Good tax policies help ensure that the poor bears no burden in financing government. But the poor can only be helped by giving them a greater share in the county’s wealth through pro-poor expenditure policies. These are through direct transfers such as the Pantawid Pamilya program, and programs that give the poor greater access to basic education and health care. Programs that benefit agriculture and rural areas are redistributive as well. The poverty incidence among farmers is about 34.3 percent compared to a national average of 21 percent.

Thus, I cannot see why the DOF is upset with the findings of the PIDS studies that the TRAIN has regressive effects. Even without the numbers, it is easy to deduce how the poor can end up bearing a higher tax burden than the rich from TRAIN.

Excise taxes are generally regressive. They take away a greater percentage of the income of the poor than the rich. The PIDS studies also showed that the increase in excise taxes on fuel contributed to inflation. A steady increase in prices hit the poor the hardest. The Tuano study noted that TRAIN increased prices by an average of 1 to 3 percent. Tuano also observed a slight increase in the poverty incidence as a result of TRAIN. Without the provision for transfers, poverty incidence would have been worse.
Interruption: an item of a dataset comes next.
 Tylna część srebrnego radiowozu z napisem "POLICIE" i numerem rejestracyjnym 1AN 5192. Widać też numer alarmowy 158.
Fortunately, it was part of TRAIN.

There are other features of TRAIN that benefit the rich and lightens their tax burden. The most glaring pro- rich measure is the reduction in the inheritance tax from 20 percent to 6 percent. A wealth tax is a powerful tool that can reallocate wealth from the affluent to fund pro-poor expenditures. The measure further distorts taxation of unearned income. Interest income from savings is taxed more heavily at 20 percent.

The reduction in the excise tax on luxury cars compared to lower priced vehicles is a regressive measure. And so with the elimination of the personal exemption in computing taxable income. Personal exemptions recognize differences in needs among taxpayers, i.e. taxpayers with more dependents are entitled to higher exemptions. While the O percent tax rate on taxpayers with incomes of P250,000 and below offered tax relief to taxpayers, the Manasan study notes that the decline in the tax burden of taxpayers from the poor deciles is smaller compared to the reduction in the tax burden of those from the higher income deciles. Although TRAIN increases the marginal income tax rate on the very rich taxpayers to 35 percent, they account for a very small percentage of our population. (A report by Credit Suisse notes that only 0.1 percent of the Philippines adult population have fortunes amounting to over $1 million.)The changes made by TRAIN on the personal income tax system were observed not to be pro-poor.

The principal reason for tax reforms is to raise revenues for government. They cannot be pro-poor since the poor do not have enough income to be part of the taxpaying population. The least that we expect from tax reforms is to promote a progressive distribution of the tax burden. Those who have more should contribute more in relation to their income. And for the poor to have a greater share from the revenues that are raised.

The numbers say that the tax reforms are not progressive. Let us hope that the expenditure numbers are more favorable to those who are less fortunate.